---------- Given data ----------

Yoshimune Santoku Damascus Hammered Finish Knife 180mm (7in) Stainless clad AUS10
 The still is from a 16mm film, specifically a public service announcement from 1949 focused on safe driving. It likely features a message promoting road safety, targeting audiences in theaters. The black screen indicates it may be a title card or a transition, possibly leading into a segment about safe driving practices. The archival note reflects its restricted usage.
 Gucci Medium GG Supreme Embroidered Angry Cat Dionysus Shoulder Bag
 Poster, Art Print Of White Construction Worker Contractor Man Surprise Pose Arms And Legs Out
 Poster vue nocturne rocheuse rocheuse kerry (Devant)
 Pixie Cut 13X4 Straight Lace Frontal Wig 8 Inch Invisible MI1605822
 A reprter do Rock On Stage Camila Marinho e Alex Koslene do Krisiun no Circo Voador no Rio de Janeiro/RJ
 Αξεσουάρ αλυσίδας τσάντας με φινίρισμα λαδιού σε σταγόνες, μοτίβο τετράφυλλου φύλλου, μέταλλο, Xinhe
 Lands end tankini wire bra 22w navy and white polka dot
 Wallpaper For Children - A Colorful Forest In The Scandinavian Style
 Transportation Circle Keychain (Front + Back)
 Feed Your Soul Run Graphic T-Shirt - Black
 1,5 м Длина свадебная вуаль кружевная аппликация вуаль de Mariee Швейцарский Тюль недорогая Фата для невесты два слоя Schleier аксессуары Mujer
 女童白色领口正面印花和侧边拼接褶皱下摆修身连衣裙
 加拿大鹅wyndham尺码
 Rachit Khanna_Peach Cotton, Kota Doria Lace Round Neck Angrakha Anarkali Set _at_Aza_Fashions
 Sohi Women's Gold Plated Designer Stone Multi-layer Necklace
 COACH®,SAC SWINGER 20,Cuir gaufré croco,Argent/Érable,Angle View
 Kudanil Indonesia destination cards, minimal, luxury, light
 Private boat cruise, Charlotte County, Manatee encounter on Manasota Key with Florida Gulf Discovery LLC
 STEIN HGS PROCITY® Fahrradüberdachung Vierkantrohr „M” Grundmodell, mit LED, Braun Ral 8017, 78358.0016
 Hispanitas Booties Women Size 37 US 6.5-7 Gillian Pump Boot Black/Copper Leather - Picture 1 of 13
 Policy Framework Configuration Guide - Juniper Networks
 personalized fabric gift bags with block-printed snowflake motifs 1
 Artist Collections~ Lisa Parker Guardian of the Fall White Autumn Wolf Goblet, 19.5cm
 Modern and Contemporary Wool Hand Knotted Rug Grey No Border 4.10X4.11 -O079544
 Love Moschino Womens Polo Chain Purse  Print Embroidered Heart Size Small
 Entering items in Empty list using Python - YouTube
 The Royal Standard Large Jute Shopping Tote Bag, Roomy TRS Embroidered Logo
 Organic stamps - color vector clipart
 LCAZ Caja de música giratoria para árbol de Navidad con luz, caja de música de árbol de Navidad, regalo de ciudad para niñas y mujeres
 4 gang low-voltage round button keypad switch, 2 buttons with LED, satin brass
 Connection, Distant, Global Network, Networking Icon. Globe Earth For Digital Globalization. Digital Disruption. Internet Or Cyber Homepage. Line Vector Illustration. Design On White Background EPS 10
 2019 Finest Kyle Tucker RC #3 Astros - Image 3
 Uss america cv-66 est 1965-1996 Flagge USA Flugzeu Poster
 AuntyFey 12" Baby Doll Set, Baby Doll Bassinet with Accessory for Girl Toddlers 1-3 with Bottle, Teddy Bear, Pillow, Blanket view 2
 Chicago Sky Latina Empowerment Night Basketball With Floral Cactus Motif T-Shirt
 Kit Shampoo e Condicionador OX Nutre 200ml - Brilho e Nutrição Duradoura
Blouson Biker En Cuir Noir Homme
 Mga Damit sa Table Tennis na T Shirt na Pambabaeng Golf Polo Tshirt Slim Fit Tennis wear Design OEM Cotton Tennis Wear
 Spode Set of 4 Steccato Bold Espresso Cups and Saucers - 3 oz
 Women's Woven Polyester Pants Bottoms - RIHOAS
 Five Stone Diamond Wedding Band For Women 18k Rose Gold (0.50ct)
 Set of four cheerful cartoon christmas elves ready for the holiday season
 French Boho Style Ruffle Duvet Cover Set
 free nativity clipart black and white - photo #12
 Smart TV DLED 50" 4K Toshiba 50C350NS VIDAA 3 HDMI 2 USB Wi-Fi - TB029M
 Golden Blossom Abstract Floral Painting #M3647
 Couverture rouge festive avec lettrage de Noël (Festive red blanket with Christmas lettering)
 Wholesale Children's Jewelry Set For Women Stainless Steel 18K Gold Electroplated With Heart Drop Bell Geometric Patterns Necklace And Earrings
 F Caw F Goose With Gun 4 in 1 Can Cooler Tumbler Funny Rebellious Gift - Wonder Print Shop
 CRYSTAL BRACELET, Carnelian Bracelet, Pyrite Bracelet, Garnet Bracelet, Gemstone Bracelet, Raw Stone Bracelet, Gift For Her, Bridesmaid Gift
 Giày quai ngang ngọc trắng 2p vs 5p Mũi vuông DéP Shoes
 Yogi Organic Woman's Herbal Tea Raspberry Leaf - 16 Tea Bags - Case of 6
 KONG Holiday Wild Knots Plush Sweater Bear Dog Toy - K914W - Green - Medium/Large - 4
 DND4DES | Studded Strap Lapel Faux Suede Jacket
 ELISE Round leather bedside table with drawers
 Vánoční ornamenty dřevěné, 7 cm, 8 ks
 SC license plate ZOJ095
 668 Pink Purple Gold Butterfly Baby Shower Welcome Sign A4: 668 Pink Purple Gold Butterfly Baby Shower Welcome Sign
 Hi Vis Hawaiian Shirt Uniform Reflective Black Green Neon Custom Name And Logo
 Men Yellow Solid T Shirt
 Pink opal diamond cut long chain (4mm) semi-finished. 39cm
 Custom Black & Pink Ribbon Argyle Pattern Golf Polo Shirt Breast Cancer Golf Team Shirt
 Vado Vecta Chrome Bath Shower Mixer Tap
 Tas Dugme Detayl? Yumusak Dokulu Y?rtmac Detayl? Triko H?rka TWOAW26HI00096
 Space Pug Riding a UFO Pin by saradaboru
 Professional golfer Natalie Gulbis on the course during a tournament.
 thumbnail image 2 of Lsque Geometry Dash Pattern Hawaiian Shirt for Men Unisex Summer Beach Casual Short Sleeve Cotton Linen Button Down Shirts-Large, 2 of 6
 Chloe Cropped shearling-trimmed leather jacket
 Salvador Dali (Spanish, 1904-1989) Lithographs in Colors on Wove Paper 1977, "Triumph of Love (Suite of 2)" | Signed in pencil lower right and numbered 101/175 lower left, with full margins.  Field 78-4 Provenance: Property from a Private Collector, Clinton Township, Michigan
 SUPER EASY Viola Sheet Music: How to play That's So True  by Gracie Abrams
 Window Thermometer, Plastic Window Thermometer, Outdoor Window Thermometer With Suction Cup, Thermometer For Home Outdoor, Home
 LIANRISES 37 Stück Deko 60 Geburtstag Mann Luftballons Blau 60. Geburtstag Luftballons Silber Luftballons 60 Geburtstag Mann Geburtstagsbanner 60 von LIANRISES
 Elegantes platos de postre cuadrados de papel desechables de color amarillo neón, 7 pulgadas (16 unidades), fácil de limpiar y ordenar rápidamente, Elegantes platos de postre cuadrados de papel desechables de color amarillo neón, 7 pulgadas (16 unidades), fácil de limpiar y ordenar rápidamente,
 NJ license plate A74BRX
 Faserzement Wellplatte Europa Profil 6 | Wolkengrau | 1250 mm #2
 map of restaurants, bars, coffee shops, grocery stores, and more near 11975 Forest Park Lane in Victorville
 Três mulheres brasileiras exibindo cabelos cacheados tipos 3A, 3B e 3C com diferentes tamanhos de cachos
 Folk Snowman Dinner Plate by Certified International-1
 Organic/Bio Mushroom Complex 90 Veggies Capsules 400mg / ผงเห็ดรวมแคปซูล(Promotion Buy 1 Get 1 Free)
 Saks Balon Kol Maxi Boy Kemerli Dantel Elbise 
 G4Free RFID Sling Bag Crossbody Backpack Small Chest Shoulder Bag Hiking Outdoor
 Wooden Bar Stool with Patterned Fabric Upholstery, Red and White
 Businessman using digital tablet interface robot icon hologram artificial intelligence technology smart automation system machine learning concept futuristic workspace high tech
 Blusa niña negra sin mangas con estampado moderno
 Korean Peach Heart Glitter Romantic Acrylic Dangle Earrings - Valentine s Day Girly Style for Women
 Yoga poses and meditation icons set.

----------

Please count the lines of the entries above that include "Cuir" and give only the total.

2